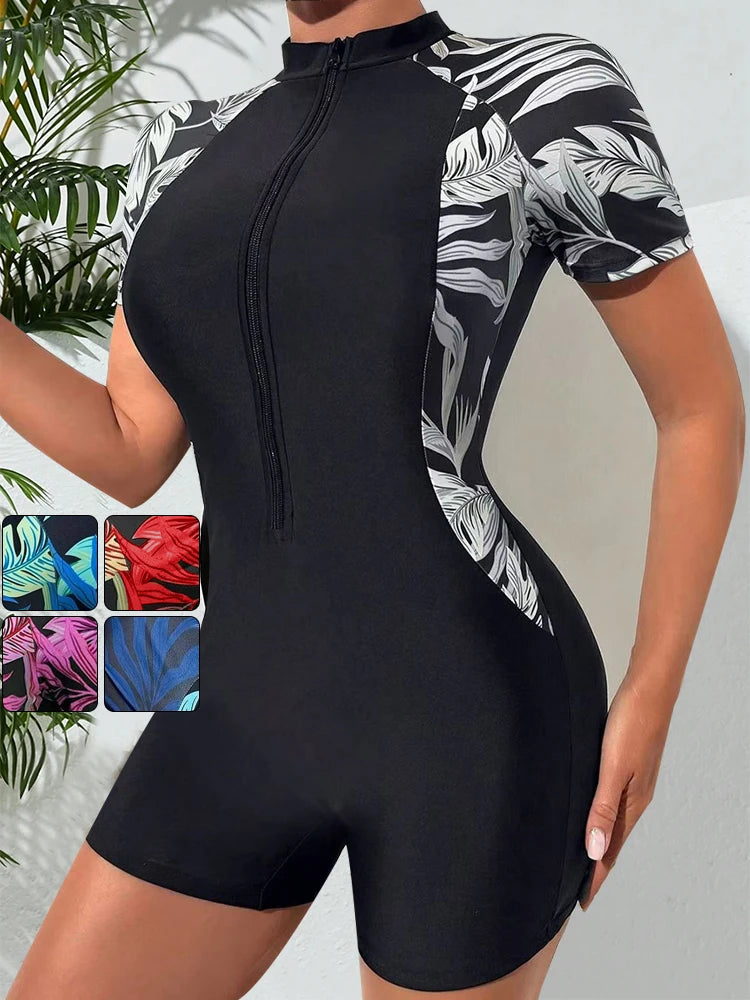 Traje de baño enterizo floral para mujer, manga corta, cierre frontal, estampado tropical, ideal para surfear, con protección solar (sin sujetador incorporado).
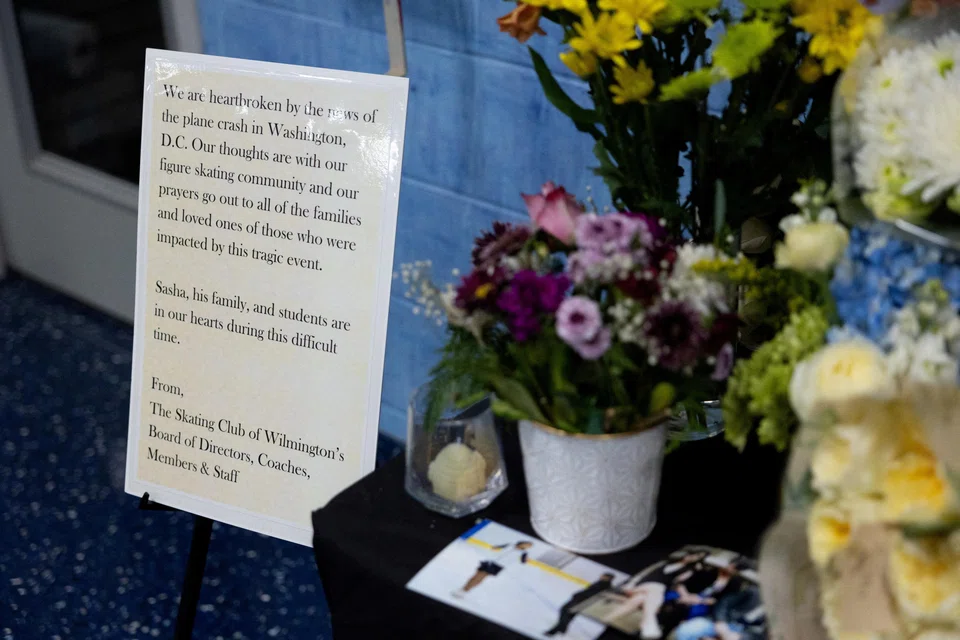 A sign at a memorial for victims Sean Kay, Angela Yang and coach Sasha Kirsanov who were on board American Airlines flight 5342 in Delaware, US, Feb 2, 2025.  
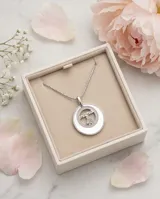 Dije circular de plata 925 con incrustación de nácar, borde decorado con circonias y diseño central calado con la palabra mama y una figura de niña.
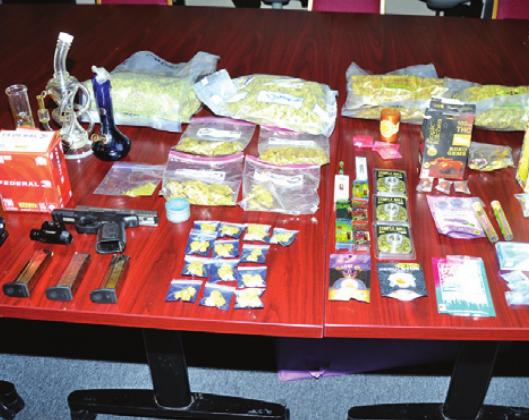DRUGS AND WEAPONS were confiscated by Burleson County sheriff’s deputies after executing a search warrant at a home in the north end of the county. -- Tribune photo by Roy Sanders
===============
=== Work order ===
The answer should contain only the lines from the beginning of the material above through the line with "A sign at a", retyped exactly, with the pictures removed.

=== Written solution ===
 Traje de baño enterizo floral para mujer, manga corta, cierre frontal, estampado tropical, ideal para surfear, con protección solar (sin sujetador incorporado).
 A sign at a memorial for victims Sean Kay, Angela Yang and coach Sasha Kirsanov who were on board American Airlines flight 5342 in Delaware, US, Feb 2, 2025.  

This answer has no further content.